I found a recipe that might work, but I again made the wrong
substitution. If I had thought about it, I would have caught it. The
recipe called for BUTTER and I used what I had on hand without thinking,
and I used MARGARINE. It was pointed out to me that the butter was used
in place of Crisco shortening, and the margarine didn't have enough fat
in it. Yes, of course, and had I truly noticed when I was doing it, I
wouldn't have made that substitution. Butter clearly has a different
texture. So we went out and bought a can of butter-flavored shortening,
and I'm looking forward to trying it with that recipe. That last batch
-- with the margarine -- was so soft and spread out so far, the
crisscrossing on the top of the cookies was completely lost. But they
were crispy. They were just visually and texturally not interesting.

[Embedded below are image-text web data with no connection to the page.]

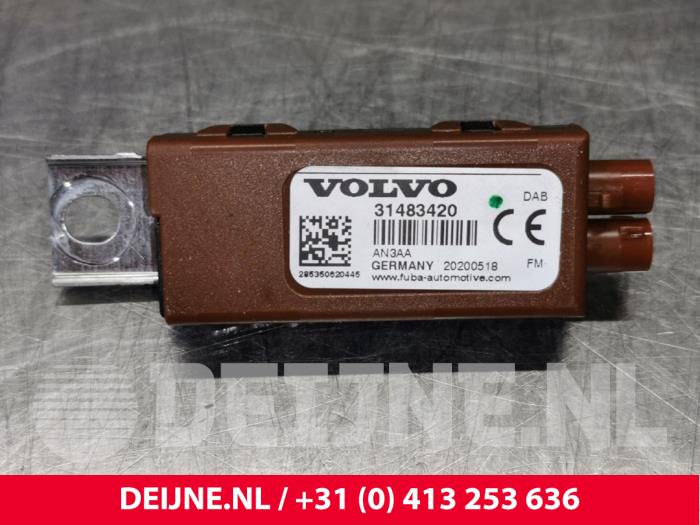 Volvo XC40 Antennenverstärker O118642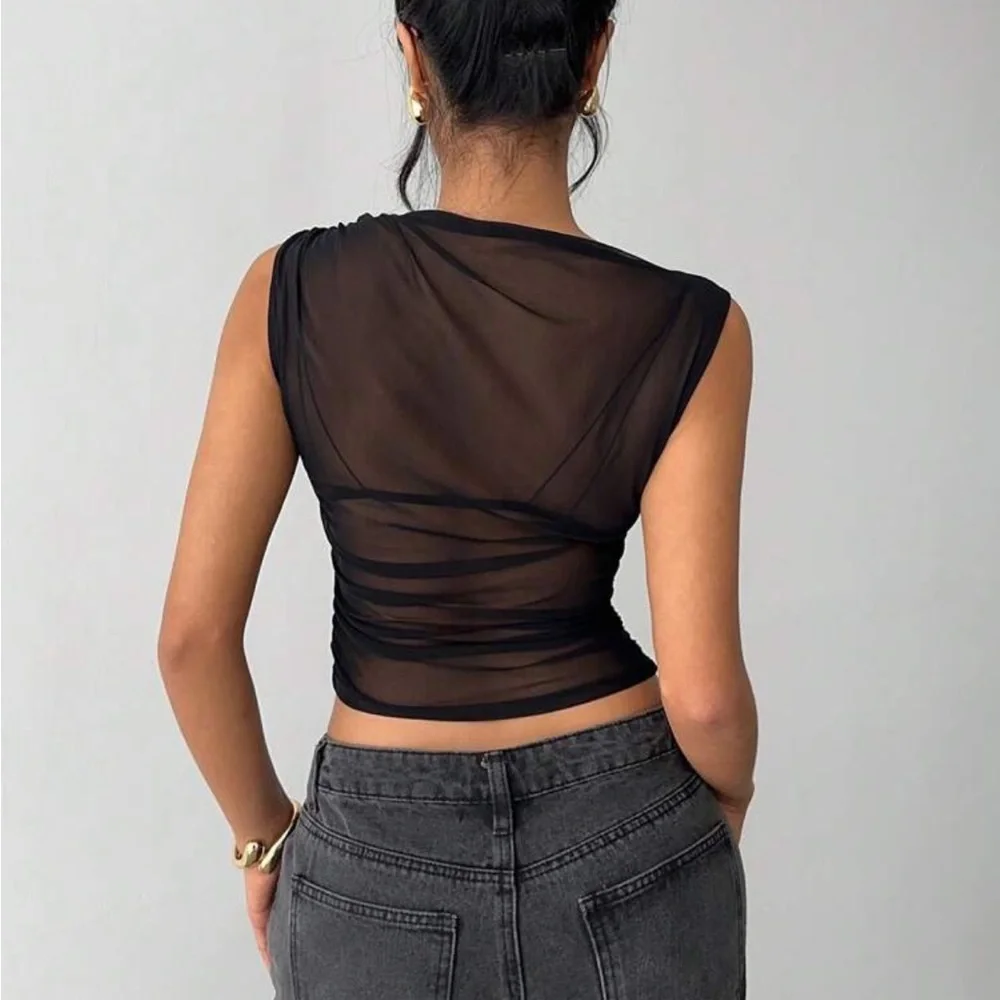 Black Sheer Mesh Sleeveless Crop Top NEW 🏷️ - Picture 3 of 4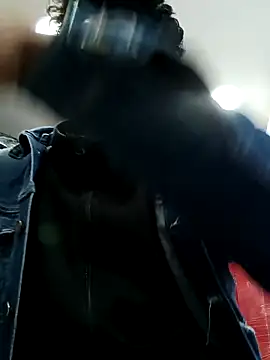 Snapshot of alexander32r chatting on 09/19/25, 02:51 alexander32r online show from 09/19/25, 02:51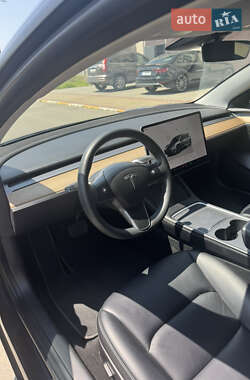 Седан Tesla Model 3 2022 в 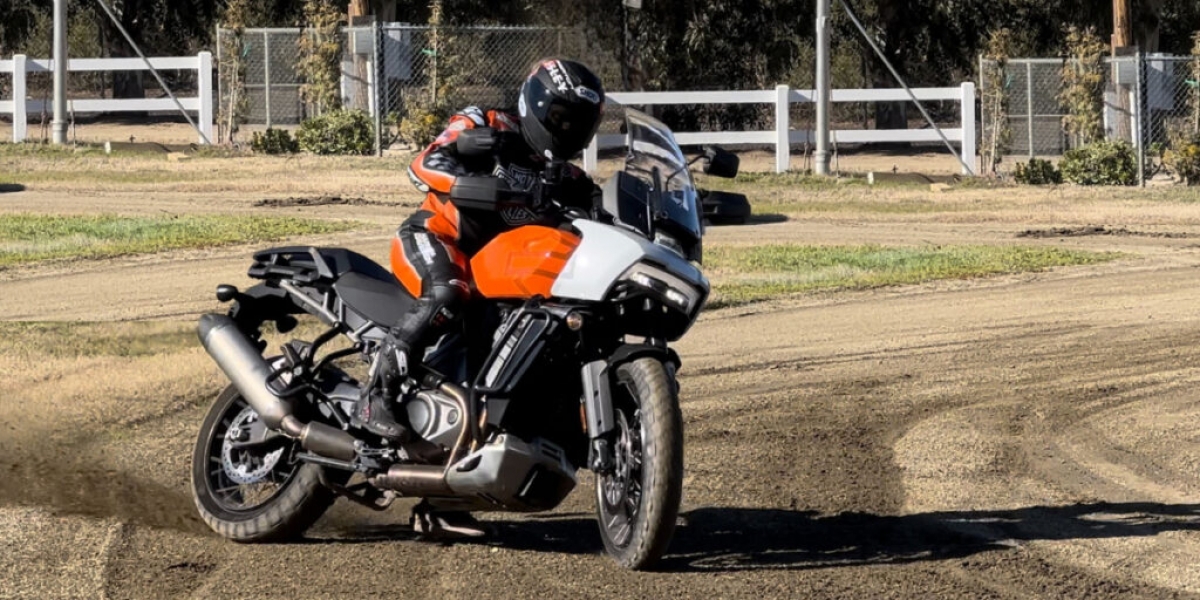 鳥車泥巴甩起來!美國 AMA Flat Track 新增Adventure賽事「Adventure Trackers」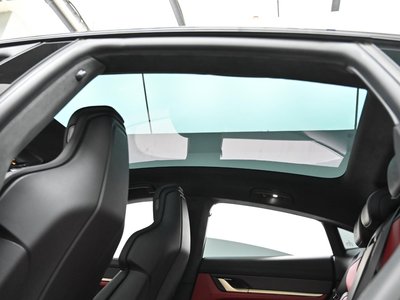 2025 Porsche TAYCAN thumbnail 19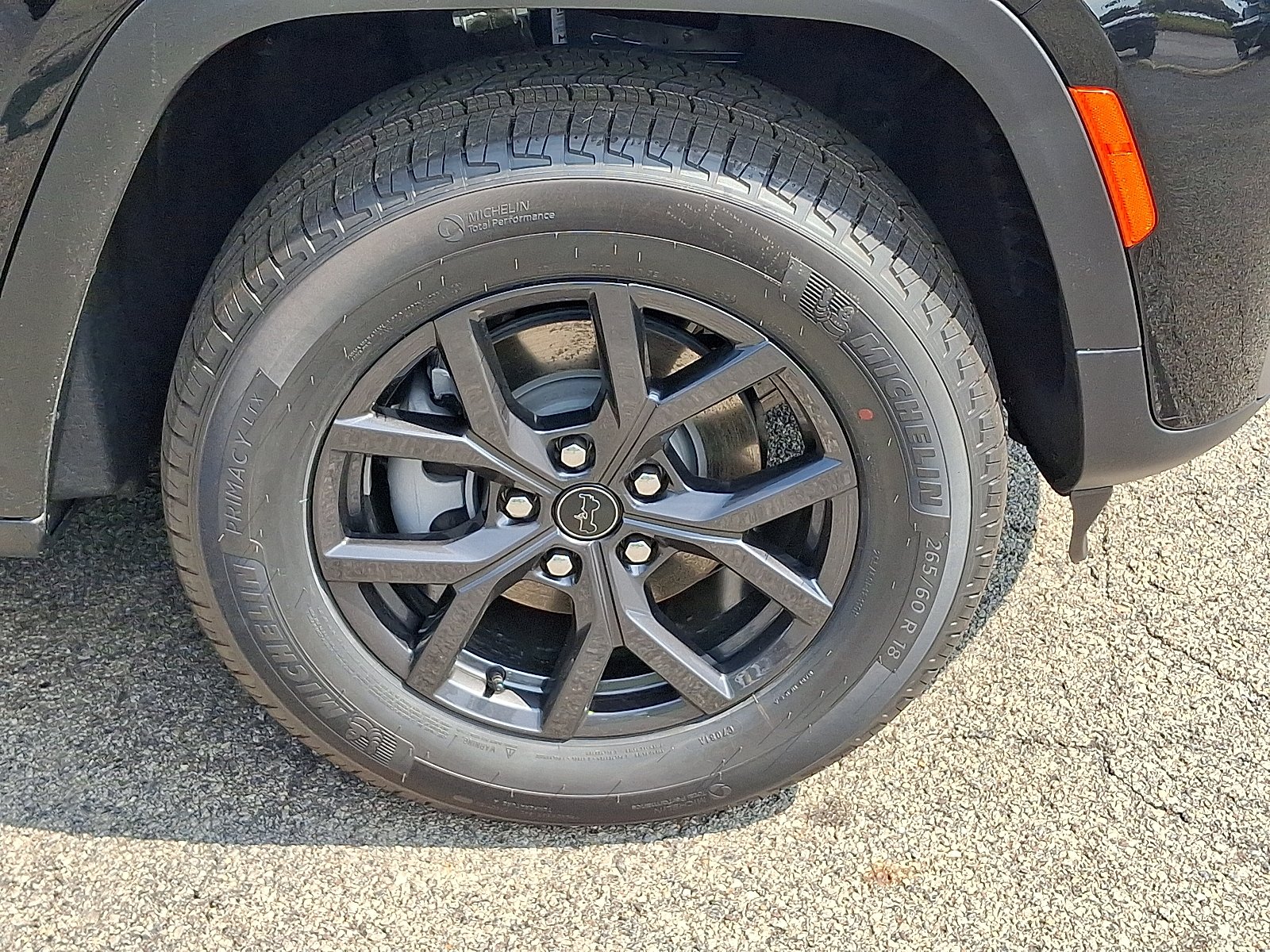 New 2027 High-Gloss Black Paint Jeep Laredo Altitude 4x4 image 5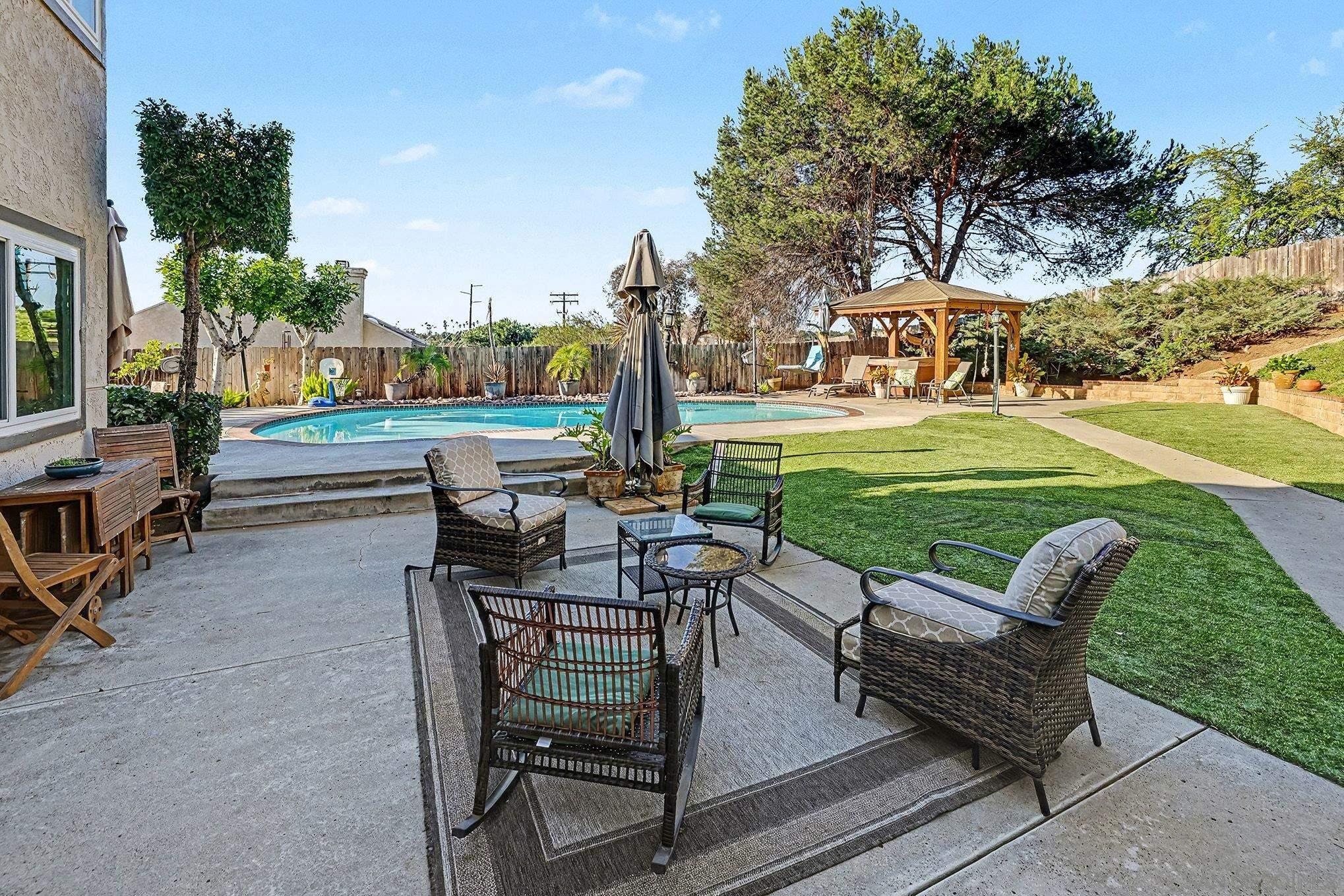 Detail Gallery Image 32 of 43 For 627  Valley Grove Ln, Escondido,  CA 92025 - 4 Beds | 2/1 Baths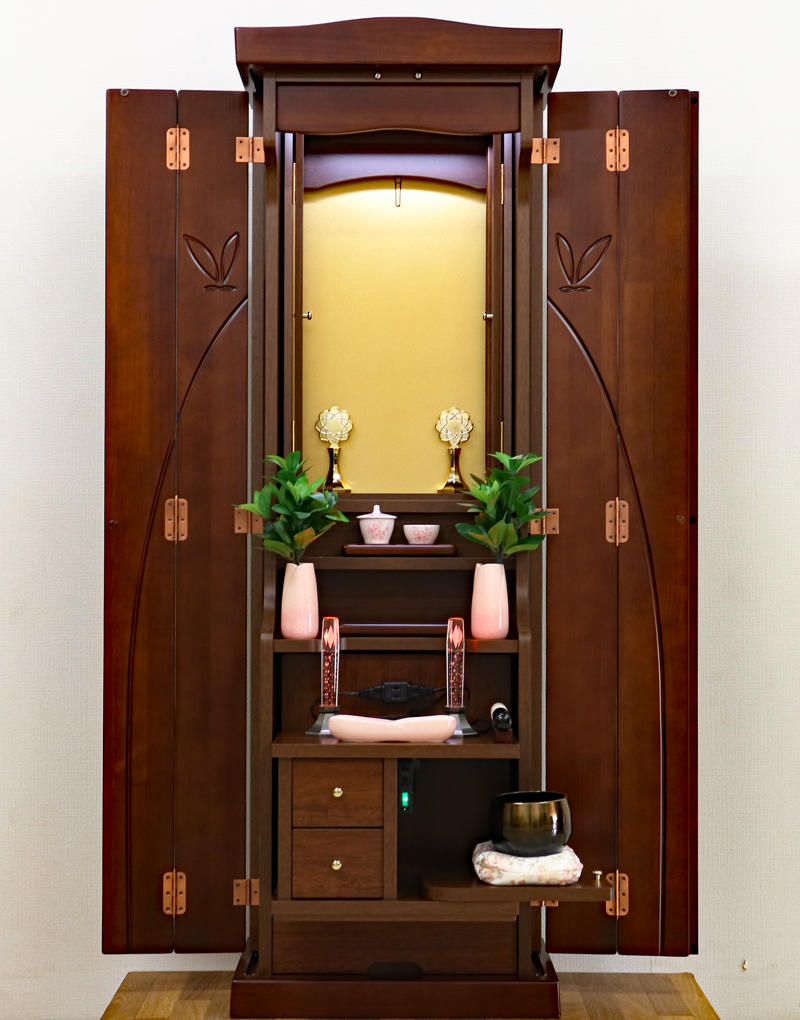 創価学会仏壇専門店桜梅桃李.comより創価学会家具調中古仏壇760ラックスダークピーター特装御本尊様対応を発売致します。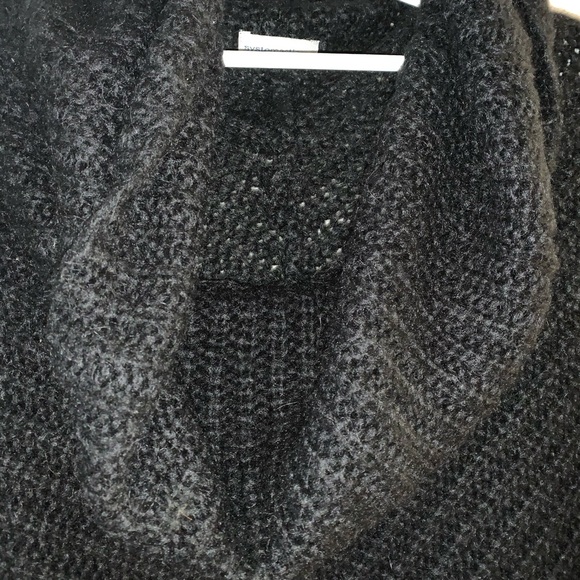Soft wool sweater - Picture 2 of 7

The recipe, by the way, called for chilling the mixture, to make the
dough stiffer. I'm assuming if I used this shortening in place of
butter, I won't have to chill it. I'll chill it anyway, since it won't
hurt anything, but I'm thinking it won't be necessary. True? Anyway,
I'm going to try it tonight. I laughed to my girlfriend as I scrapped
the last batch into the garbage can, that I feel like a mad scientist
trying to map the genome for some obsessive, world-saving plan.